O modelo brasileiro prioriza, hoje a venda acessória, transformando as pistas de abastecimento em verdadeiros feirões de vendas enquanto nos EUA a realidade é outra quando as pistas não vendem nada além de combustíveis e as vendas acessórias, que lá são as principais, ocorrem na loja de conveniência.
4. Tecnologia, operação e investimentos necessários
A adoção do autoatendimento não se resume a trocar bombas e desligar a equipe. Exige investimentos em sistemas de pagamento, segurança, treinamento e adequação do layout das pistas. É preciso entender se o posto tem condições operacionais para receber consumidores que vão manusear bombas e equipamentos. Sem essa análise, o risco de acidentes e insatisfação do cliente aumenta.
Aquele alívio das contas da baixa de folha de pagamento, se tornarão investimentos em equipamentos, treinamento, pessoal de supervisão e muita paciência para os processos transitórios. Não se faz isso da noite para o dia.
5. O consumidor deve ter o poder de escolha
Mais importante que obrigar ou proibir, é dar ao consumidor o direito de escolher. Quando o cliente opta pelo atendimento humano, deve ter essa possibilidade; quando quer abastecer sozinho, também. A liberdade de escolha, e não a imposição de modelos, é o que torna o mercado mais saudável e competitivo. Como descrevo no livro, “deixar o cliente escolher é o melhor que você pode fazer”.
O revendedor deve ter a liberdade de determinar os rumos do seu negócio. A proteção governamental deve se limitar ao que tange à segurança e garantias do produto ofertado. A forma, o jeito ou até mesmo os padrões de entrega do produto ou serviço devem ser opções dos empreendedores, como acontece em todo o varejo, menos nos postos de combustíveis.
6. O aprendizado com o varejo americano
O estudo de campo realizado nos Estados Unidos mostrou que o autoatendimento só se consolidou porque foi implementado de forma gradual, acompanhado por mudanças culturais, tecnológicas e operacionais. Copiar esse modelo sem respeitar as particularidades do mercado brasileiro é um erro.

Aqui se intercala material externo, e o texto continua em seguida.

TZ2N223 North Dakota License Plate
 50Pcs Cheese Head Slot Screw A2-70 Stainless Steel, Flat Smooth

O que deve ser importado não é a tecnologia em si, mas a lógica de facilitar a jornada do consumidor, tornando-a mais ágil e sem atritos.
O foco principal deve ser esse atender, da melhor forma possível, no menor tempo possível o cliente de um jeito que satisfaça a sua jornada, que muitas vezes não começa e termina no seu estabelecimento. Entender essas mudanças é essencial para que o empreendedor possa se conectar mais rápido com as realidades mercadológicas ao redor e garantir a sobrevivência do seu negócio.
Conclusão
O autoatendimento nos postos de combustíveis brasileiros não é apenas uma questão de tecnologia, mas de cultura, operação e estratégia. O que está em jogo não é apenas o preço do litro de gasolina, mas o futuro da relação entre consumidor e revendedor. Cabe ao setor compreender essas nuances antes de adotar um modelo que, em outros países, se mostrou eficaz, mas que aqui precisa ser tropicalizado.

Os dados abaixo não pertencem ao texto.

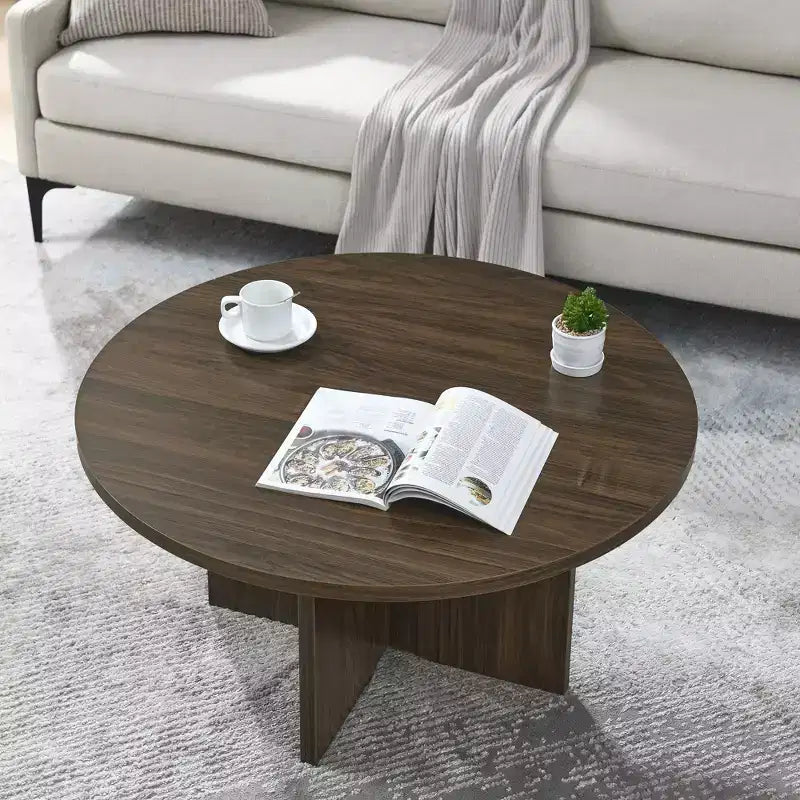 Table basse Okak 19H en bois massif, style nordique, forme spéciale pour salon, cuisine et bureau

O consumidor brasileiro está mudando, tornando-se mais apressado e exigente. O que o varejo não pode é permanecer estático. O autoatendimento pode ser parte da solução, mas apenas se vier acompanhado de liberdade de escolha, inovação e foco no cliente. O debate deve ser levado a sério e todos devem entender que discutir o setor significa tirá-lo da estagnação e proporcionar aos envolvidos a chance de mudar para melhor.
Roberto James é administrador de empresas, mestre em psicologia e especialista em comportamento do consumidor. Autor dos livros O Consumidor Tem Pressa e Vivendo o Varejo Americano, é referência nacional no estudo das tendências de consumo, varejo e postos de combustíveis. Palestrante em grandes eventos do setor e colunista da Revista Petrus, dedica-se a conectar empresas ao novo consumidor, compartilhando insights obtidos em pesquisas, vivências internacionais e anos de atuação no mercado.